<クラビー>テルマ×ナナ(?)



「思い知らせてやる」

 海辺の堤防に腰を下ろし、夕日を浴びながら、オレはシュトロムグリフォンの整備をしていた。
 その時。

「何をよ」

 そんな声と共に、バシッと何かで殴られた。

「いてーな! 何しやが……」

 頭を押さえながら振り返る。

「ゲッ! ナナ!?」

「『ゲッ』って何よ、『ゲッ』って!!」

 右手に本――どうやらこれで殴られたらしい――を持ち、左手を腰に当て、額に青筋を立てたナナが、そこにいた。

「あんた、まーたバイト、クビになったんだって?」

 一転、今度は口元に手を当て、ぷくくーっと笑う。

「笑うな! 悪いのはオレ様じゃねぇ! 勝手に落ちる皿が悪いんだ!!」

「あー、はいはい。
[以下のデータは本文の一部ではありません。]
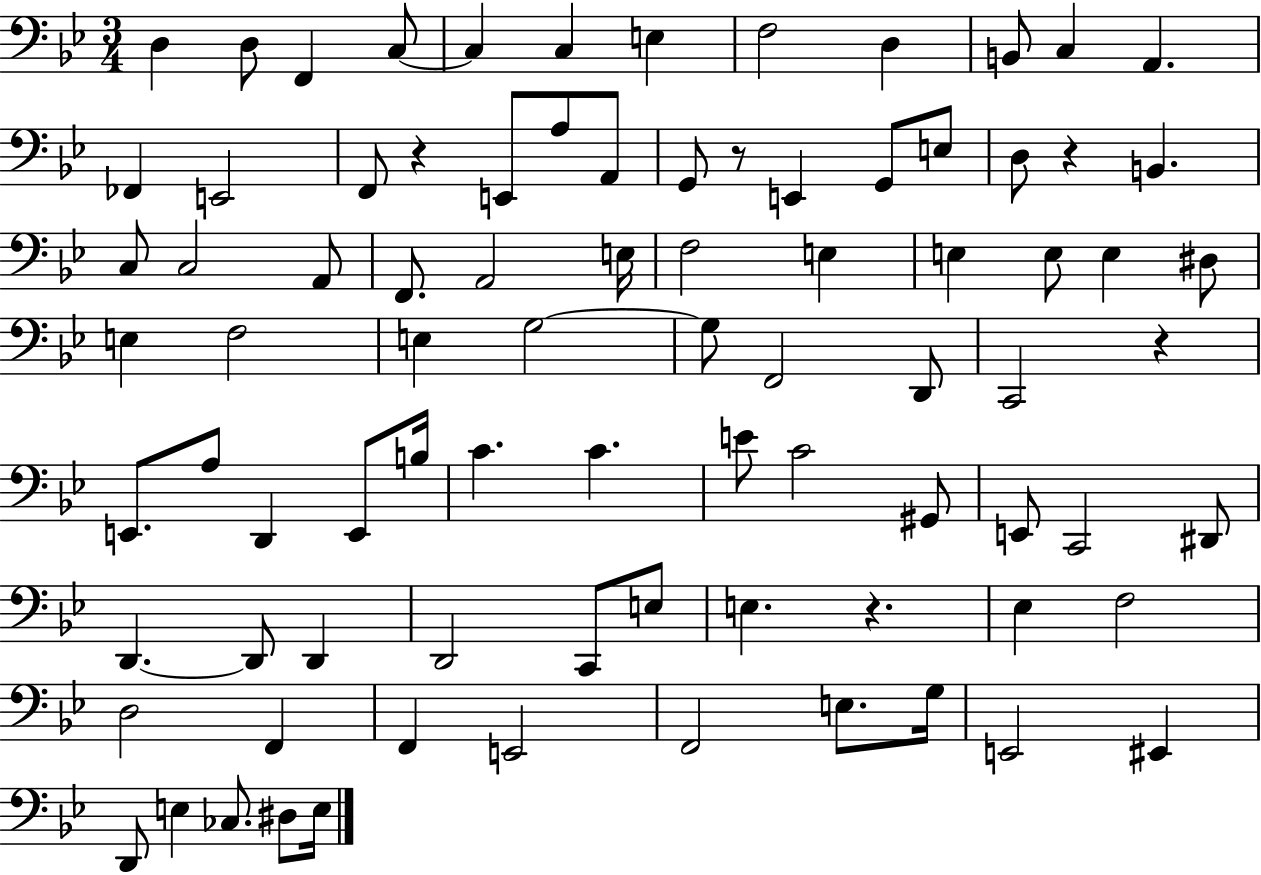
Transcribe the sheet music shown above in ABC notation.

X:1
T:Untitled
M:3/4
L:1/4
K:Bb
D, D,/2 F,, C,/2 C, C, E, F,2 D, B,,/2 C, A,, _F,, E,,2 F,,/2 z E,,/2 A,/2 A,,/2 G,,/2 z/2 E,, G,,/2 E,/2 D,/2 z B,, C,/2 C,2 A,,/2 F,,/2 A,,2 E,/4 F,2 E, E, E,/2 E, ^D,/2 E, F,2 E, G,2 G,/2 F,,2 D,,/2 C,,2 z E,,/2 A,/2 D,, E,,/2 B,/4 C C E/2 C2 ^G,,/2 E,,/2 C,,2 ^D,,/2 D,, D,,/2 D,, D,,2 C,,/2 E,/2 E, z _E, F,2 D,2 F,, F,, E,,2 F,,2 E,/2 G,/4 E,,2 ^E,, D,,/2 E, _C,/2 ^D,/2 E,/4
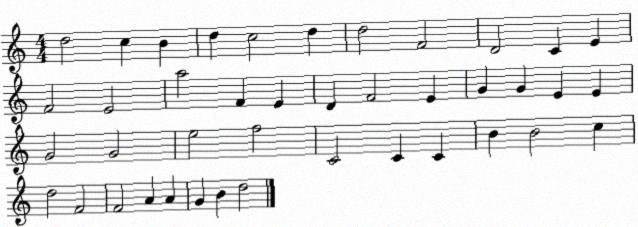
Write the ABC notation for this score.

X:1
T:Untitled
M:4/4
L:1/4
K:C
d2 c B d c2 d d2 F2 D2 C E F2 E2 a2 F E D F2 E G G E E G2 G2 e2 f2 C2 C C B B2 c d2 F2 F2 A A G B d2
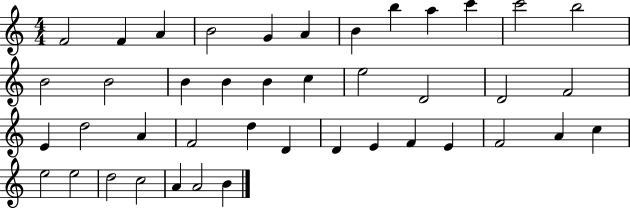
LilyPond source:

{
  \clef treble
  \numericTimeSignature
  \time 4/4
  \key c \major
  f'2 f'4 a'4 | b'2 g'4 a'4 | b'4 b''4 a''4 c'''4 | c'''2 b''2 | \break b'2 b'2 | b'4 b'4 b'4 c''4 | e''2 d'2 | d'2 f'2 | \break e'4 d''2 a'4 | f'2 d''4 d'4 | d'4 e'4 f'4 e'4 | f'2 a'4 c''4 | \break e''2 e''2 | d''2 c''2 | a'4 a'2 b'4 | \bar "|."
}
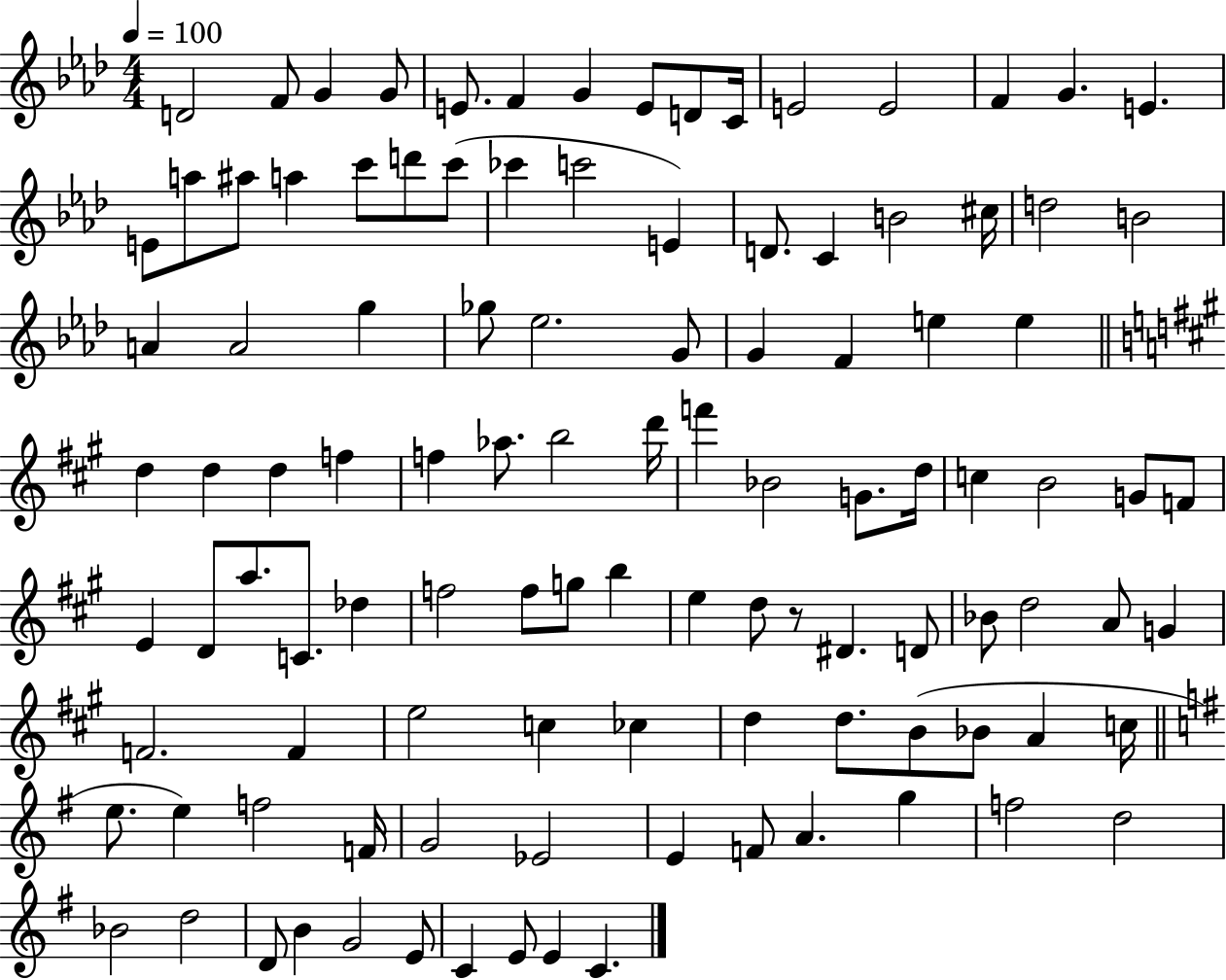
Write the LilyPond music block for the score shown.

{
  \clef treble
  \numericTimeSignature
  \time 4/4
  \key aes \major
  \tempo 4 = 100
  \repeat volta 2 { d'2 f'8 g'4 g'8 | e'8. f'4 g'4 e'8 d'8 c'16 | e'2 e'2 | f'4 g'4. e'4. | \break e'8 a''8 ais''8 a''4 c'''8 d'''8 c'''8( | ces'''4 c'''2 e'4) | d'8. c'4 b'2 cis''16 | d''2 b'2 | \break a'4 a'2 g''4 | ges''8 ees''2. g'8 | g'4 f'4 e''4 e''4 | \bar "||" \break \key a \major d''4 d''4 d''4 f''4 | f''4 aes''8. b''2 d'''16 | f'''4 bes'2 g'8. d''16 | c''4 b'2 g'8 f'8 | \break e'4 d'8 a''8. c'8. des''4 | f''2 f''8 g''8 b''4 | e''4 d''8 r8 dis'4. d'8 | bes'8 d''2 a'8 g'4 | \break f'2. f'4 | e''2 c''4 ces''4 | d''4 d''8. b'8( bes'8 a'4 c''16 | \bar "||" \break \key g \major e''8. e''4) f''2 f'16 | g'2 ees'2 | e'4 f'8 a'4. g''4 | f''2 d''2 | \break bes'2 d''2 | d'8 b'4 g'2 e'8 | c'4 e'8 e'4 c'4. | } \bar "|."
}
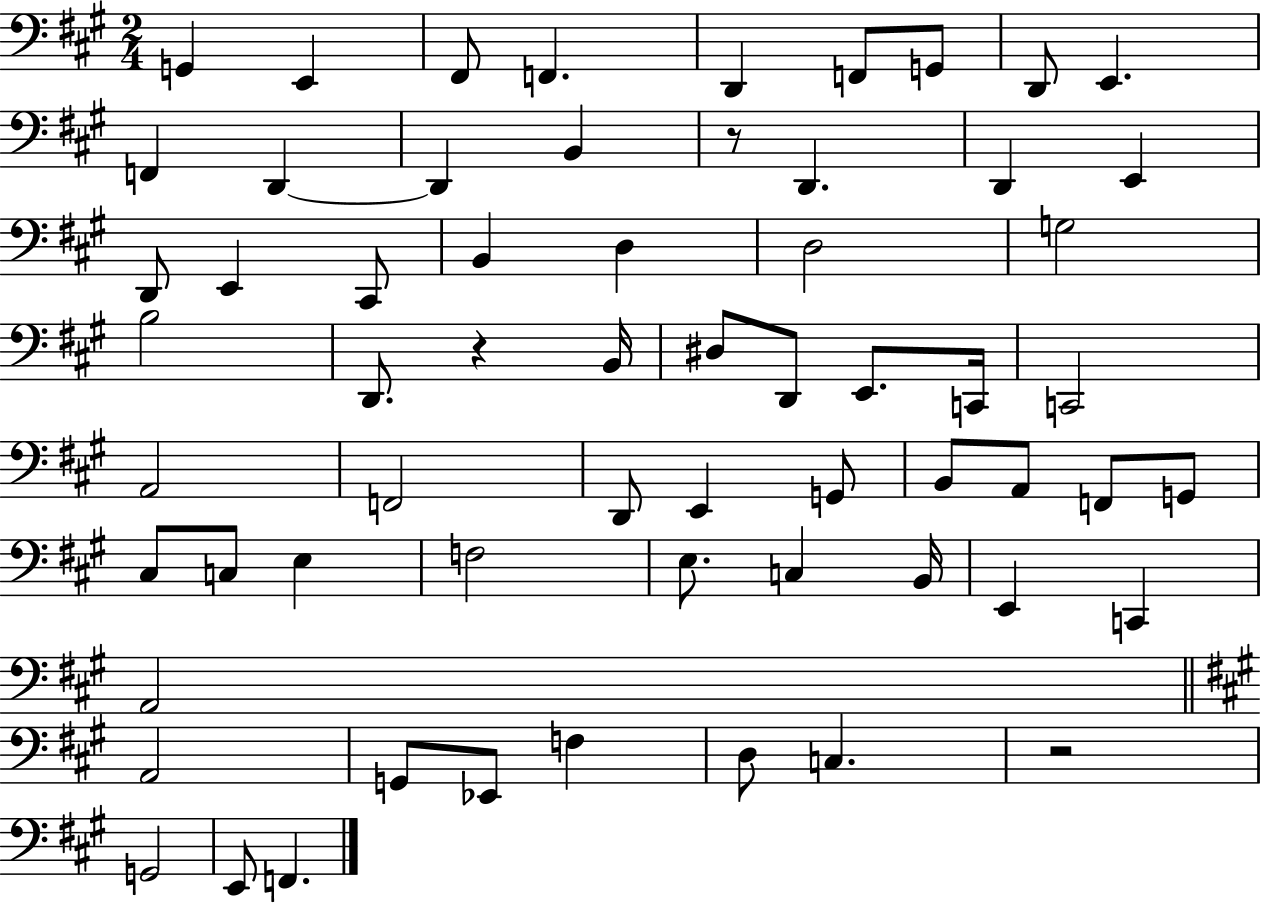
X:1
T:Untitled
M:2/4
L:1/4
K:A
G,, E,, ^F,,/2 F,, D,, F,,/2 G,,/2 D,,/2 E,, F,, D,, D,, B,, z/2 D,, D,, E,, D,,/2 E,, ^C,,/2 B,, D, D,2 G,2 B,2 D,,/2 z B,,/4 ^D,/2 D,,/2 E,,/2 C,,/4 C,,2 A,,2 F,,2 D,,/2 E,, G,,/2 B,,/2 A,,/2 F,,/2 G,,/2 ^C,/2 C,/2 E, F,2 E,/2 C, B,,/4 E,, C,, A,,2 A,,2 G,,/2 _E,,/2 F, D,/2 C, z2 G,,2 E,,/2 F,,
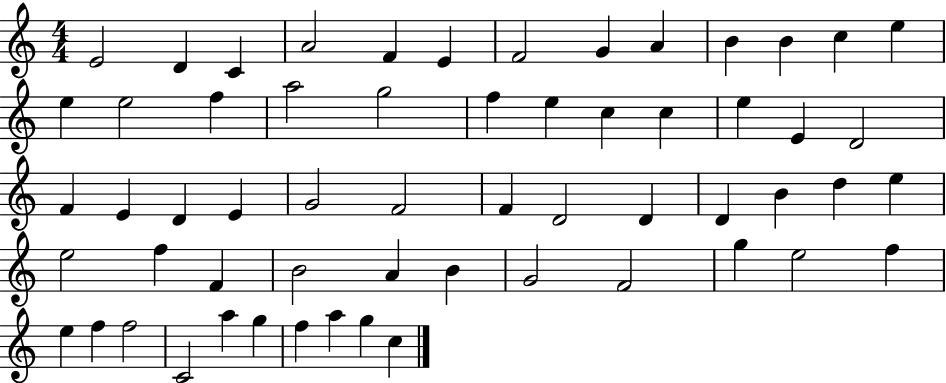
X:1
T:Untitled
M:4/4
L:1/4
K:C
E2 D C A2 F E F2 G A B B c e e e2 f a2 g2 f e c c e E D2 F E D E G2 F2 F D2 D D B d e e2 f F B2 A B G2 F2 g e2 f e f f2 C2 a g f a g c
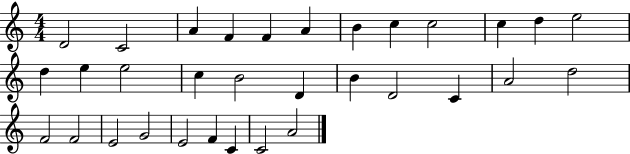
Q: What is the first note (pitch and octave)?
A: D4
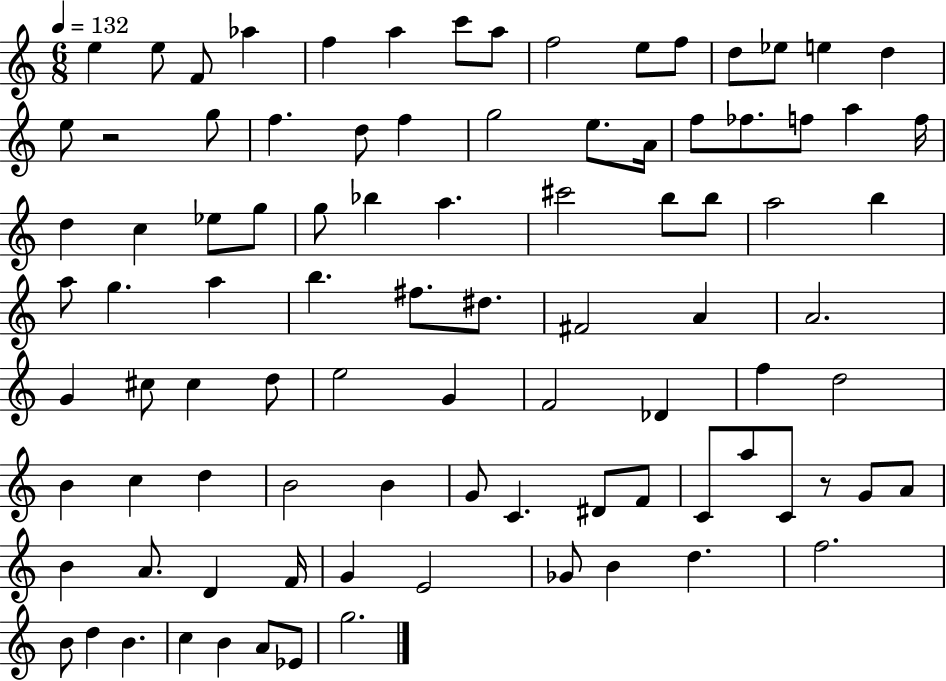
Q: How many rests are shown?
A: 2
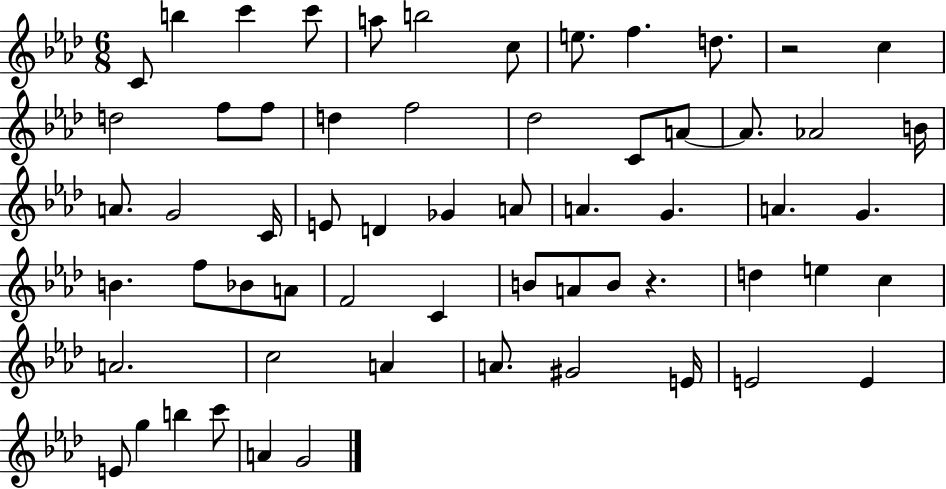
{
  \clef treble
  \numericTimeSignature
  \time 6/8
  \key aes \major
  c'8 b''4 c'''4 c'''8 | a''8 b''2 c''8 | e''8. f''4. d''8. | r2 c''4 | \break d''2 f''8 f''8 | d''4 f''2 | des''2 c'8 a'8~~ | a'8. aes'2 b'16 | \break a'8. g'2 c'16 | e'8 d'4 ges'4 a'8 | a'4. g'4. | a'4. g'4. | \break b'4. f''8 bes'8 a'8 | f'2 c'4 | b'8 a'8 b'8 r4. | d''4 e''4 c''4 | \break a'2. | c''2 a'4 | a'8. gis'2 e'16 | e'2 e'4 | \break e'8 g''4 b''4 c'''8 | a'4 g'2 | \bar "|."
}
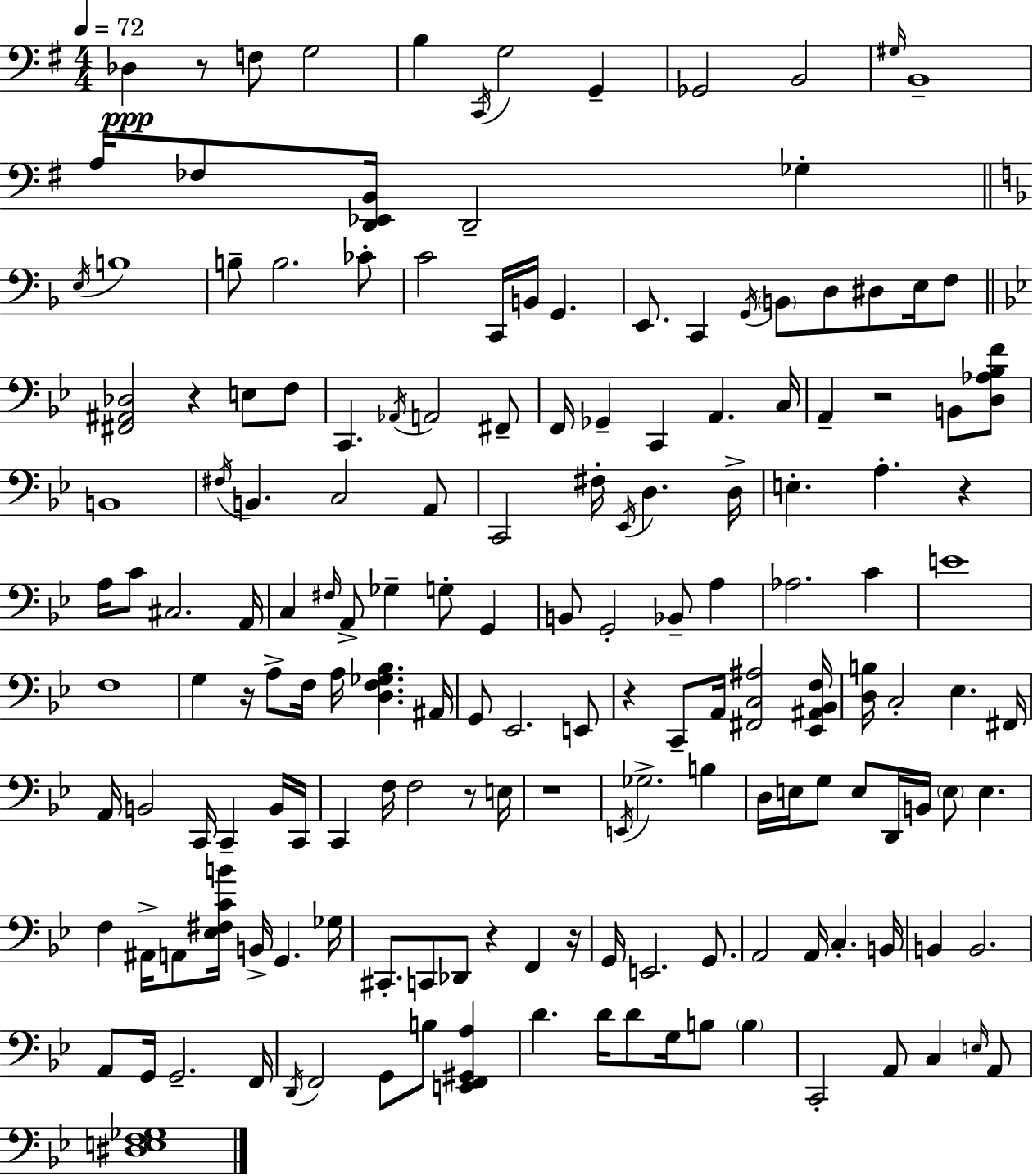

分かった分かった」

 肩を竦ませながら、薄ら笑い。
 ぜってー分かってねぇ。

「じゃ、これあげるわ」

 そう言って、持っていた本を差し出して来た。
 いくつか付箋のついた本。

「バイトの情報誌よ。あんたでもできそうなトコ、チェックしておいたから。だから、そこのレストランの店長さんに復讐なんて考えるんじゃないわよ」

 ……バレてる。

「……フン、余計なお世話だ」

「もちろん、お礼なんて言ってくれなくていいわよ。その代わり……」

「?」

「バイト代の3割、紹介料としていただくから。じゃあね〜」

 パチンとウインクして、ナナは去って行く。

「ふ……ふざけるなーーー! 誰が払うかーーー!! しかも3割って何だよ!? 高いだろうがっ!!」

 けれどすでにナナの姿はなく。
 オレの声は、虚しく響いた。
 小さく、溜息をつく。

「でも、ま、茶ぐらい奢ってやるよ」

 元の向きに直り、夕日に向かってぽそりと呟いた。






えー。 な に こ れ !!
本当に何なのでしょうね。テルナナ?
逃げまーす。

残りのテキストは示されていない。